After the herculean performance to win the 2012 Australian Open Final, it’s hard to believe that not long ago even Novak Djokovic’s most ardent followers would have scoffed at the thought of him dominating in the men’s game as he does today.

Despite becoming the first Serbian to win a Grand Slam title, and only the sixth man in the open era to hold three Grand Slam titles in a calendar year, who would dare to say that his greatest achievements are not yet realized?

Although Djokovic won the Australian Open in 2008 by beating Jo-Wilfried Tsonga in the final and Roger Federer in the semi-final, the domination he was to later impose on the men’s game was nowhere to be seen.

Despite 2008 ending in victory over Nikolay Davydenko for his first Tennis Masters Cup final, it was followed in 2009 with another year of encouraging tour wins and near misses culminating in the disappointing surrender of his Masters Cup title before reaching the semi-final stage.

He ended 2009 as world number three for the third consecutive year, having played 97 matches with a healthy, but not world-beating, 78-19 win-loss record.
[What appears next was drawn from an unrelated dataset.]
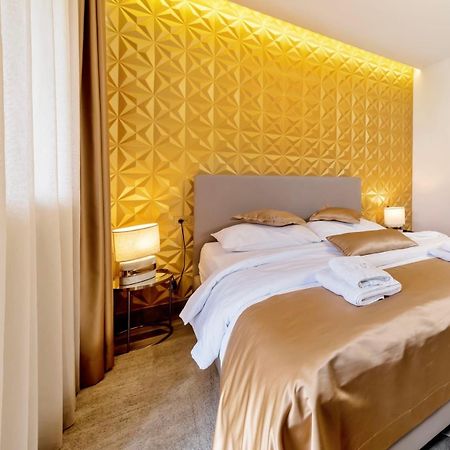 Il Giardino Luxury Rooms & Suites สปลิท ภายนอก รูปภาพ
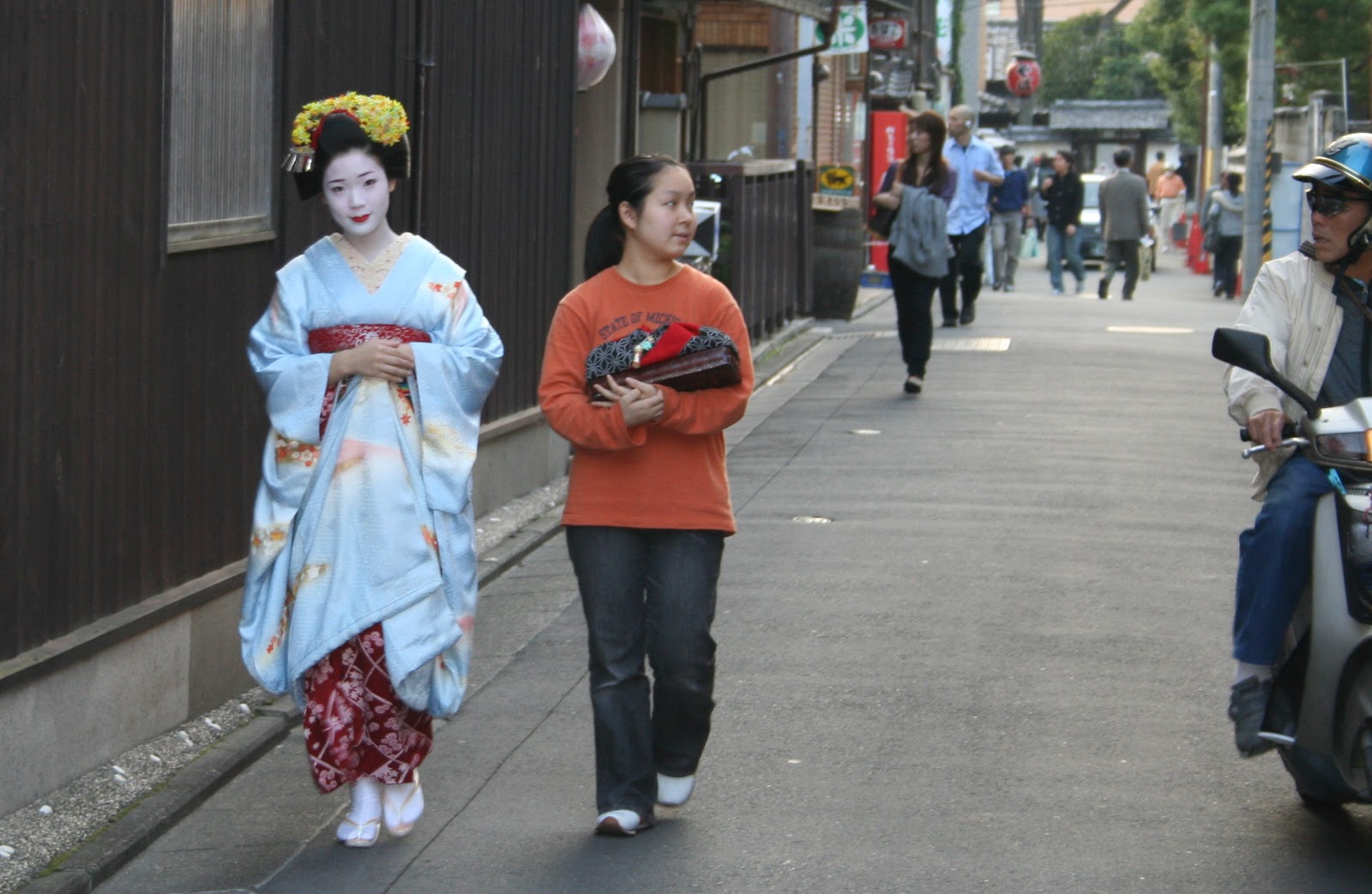 [Geishas.Una+maiko+caminando+por+Gion,+Kioto,+junto+ayudante+y+viejo+en+moto+que+mira.JJuste.2006.nov.5.jpg]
Despite being world number three and having one of the best two-handed backhands in the game, there was still work to do before he would become the player we know today.

Even though the serve is not the be all and end all that it was in the men’s game fifteen years or so ago, it is still the vital weapon needed to set up the point. Djokovic’s serve needed improving and his coaches, Todd Martin and Marian Vajda, set about the task.
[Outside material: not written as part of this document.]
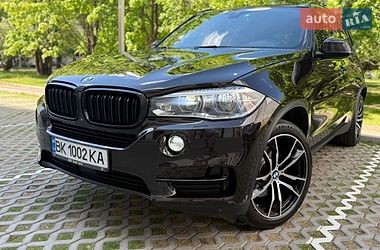 Внедорожник / Кроссовер BMW X5 2015 в Ровно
However, personality and cultural difficulties were cited as the reasons for Martin, the former men’s number 4, being dumped in favor of retaining Vajda on his own in April 2010. This followed a string of indifferent results, like the fourth round loss in Indian Wells to Ivan Ljubicic and the first round elimination in Miami at the hands of Oliver Rochus.

No one could dispute the talent that Djokovic possessed, but there were some obvious failings. It was noticeable that Djokovic could tire towards the end of tough matches, becoming tetchy and angry with a tendency for smashing things. With the serve now working better, what may have been the final piece of the jigsaw was found during a simple allergy test.
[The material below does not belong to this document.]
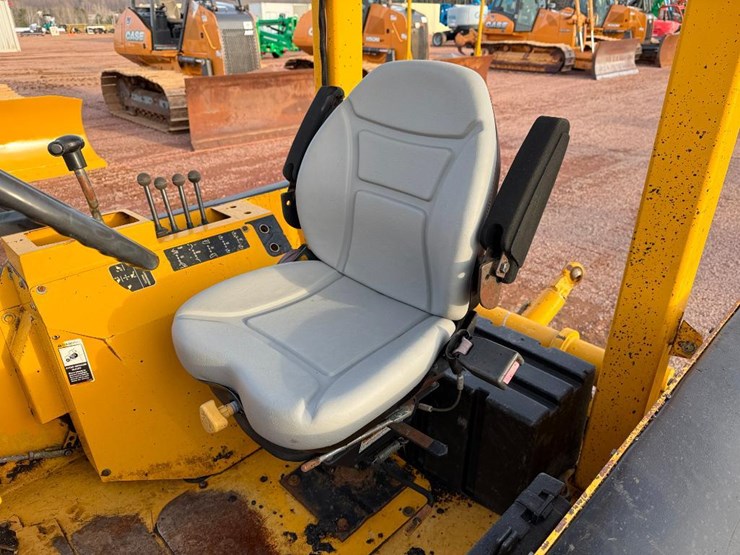 deere-210le-image-33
Djokovic was found to be gluten intolerant by his nutritionist and then switched to a gluten-free diet, dumping the majority of processed carbohydrates. Foods that were previously considered vital fuel for top athletes, such as pasta, were dropped completely and a starch free diet adopted.

The rest, as the cliche goes, is history. Djokovic went on an incredible 49-match-winning streak in 2011 that was only ended by a vintage Roger Federer performance in the semi-final at the French Open in June. Although his performance level dropped towards the end of the season after picking up a back injury, 2011 was a remarkable year nonetheless.

Djokovic added seven other tournament wins to his US, Australian and Wimbledon titles, accumulating a record 12 million dollar prize money haul in the process. The improvement in Djokovic’s game could be illustrated to great effect with the fact that he had now beaten the former world number one, Rafael Nadal, in six finals on three different surfaces.

Now there is debate as to whether the diet itself is the answer to Djokovic’s rise. There are many who believe the diet has merely given him the belief that it was the missing ingredient and therefore had a psychosomatic effect.

Others believe that his allergy may actually have unearthed a potential new way forward in athletic performance. It is believed that Andy Murray has adopted the same diet in an attempt to emulate Djokovic’s incredible success. Whether the effect of his diet is physical or mental is, for the large part, irrelevant anyway.

Djokovic has found a way to raise his game to a new level and has broken the duopoly of Rafa Nadal and Roger Federer over the men’s game. However, with a resurgent Federer reclaiming his Wimbledon crown, and Nadal smarting from a surprise early exit, the ferocious competition for supremacy is set to build as the season continues.

With the US Open and ATP Tour finals still to come, not to mention the addition of the Olympics to this year’s calendar, there’s still plenty to play for.